La section 2 du chapitre Ier du livre Ier de la première partie du même code est complétée par trois articles L. 1111-14, L. 1111-14-1 et L. 1111-14-2 ainsi rédigés :

« Art. L. 1111-14. – Dans un délai de huit jours ouvrables à compter du décès, le médecin qui a apporté son concours à l’euthanasie ou au suicide médicalement assisté adresse à la commission régionale de contrôle un rapport exposant les conditions du décès. À ce rapport sont annexés les documents qui ont été versés au dossier médical en application du présent article ainsi que les directives anticipées ; la commission contrôle la validité du protocole. Le cas échéant, elle transmet à l’autorité judiciaire compétente.

« En cas de pronostic vital engagé à très brève échéance, le médecin peut, après en avoir informé la commission régionale qui se réserve la possibilité de dépêcher auprès de lui un médecin-conseiller, ramener l’ensemble du protocole à quatre jours. »

« Art. L. 1111-14-1. – Il est institué auprès du Garde des Sceaux, ministre de la justice, et du ministre chargé de la santé, un organisme dénommé Commission nationale de contrôle des pratiques en matière d’aide médicale à mourir.

« Il est institué dans chaque région une commission régionale présidée par le préfet de région ou son représentant. Elle est chargée de contrôler, chaque fois qu’elle est rendue destinataire d’un rapport d’aide médicale à mourir, si les exigences légales ont été respectées. Si ces exigences ont été respectées, l’article 221-3, le 3 de l’article 221-4 et l’article 221-5 du code pénal ne peuvent être appliquées aux auteurs d’une aide médicale à mourir.

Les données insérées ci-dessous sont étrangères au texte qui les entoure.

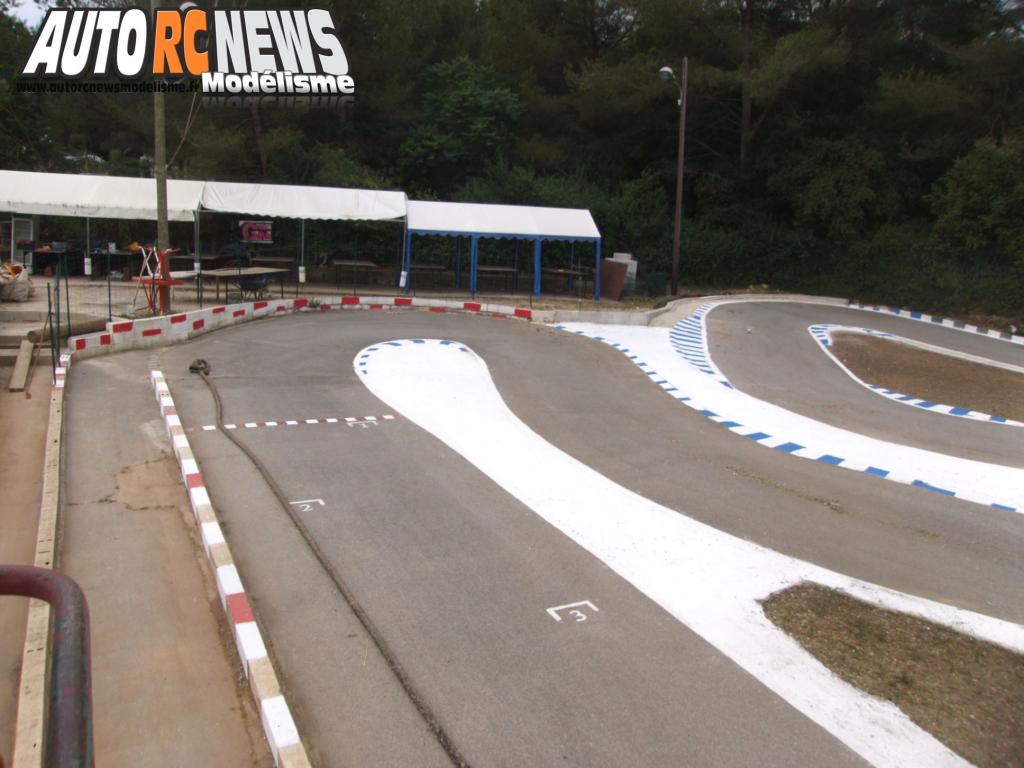 NSC Mougins Modélisme rc.Cluc Nitro Symphonie Club de Mougins dans le département des alpes maritimes dirigé par Olivier Montaland. travaux de réfection des pistes pour organiser des compétitions de voitures radiocommandées.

« Lorsqu’elle estime que ces exigences n’ont pas été respectées ou en cas de doute, elle transmet le dossier à la Commission susvisée qui, après examen, dispose de la faculté de le transmettre au Procureur de la République.

« Les règles relatives à la composition ainsi qu’à l’organisation et au fonctionnement des commissions susvisées sont définies par décret en Conseil d’État. Les membres de ces commissions ne peuvent recevoir aucune rémunération due à leur appartenance à ces commissions. »

« Art. L. 1111-14-2. – Est réputée décédée de mort naturelle la personne dont la mort résulte d’une euthanasie ou d’un suicide médicalement assisté mis en œuvre selon les conditions et procédures prescrites par le présent code. »

Article 6

L’article L. 1110-5 du même code est complété par un alinéa ainsi rédigé :

« Le médecin n’est pas tenu d’apporter son concours à la mise en œuvre de l’euthanasie ou du suicide médicalement assisté ; dans le cas d’un refus de sa part, il doit, dans un délai de deux jours, s’être assuré de l’accord d’un autre praticien et lui avoir transmis le dossier. »

Article 7

La charge pour les organismes de sécurité sociale est compensée à due concurrence par la majoration des droits mentionnés aux articles 402 bis, 438 et 520 A du code général des impôts.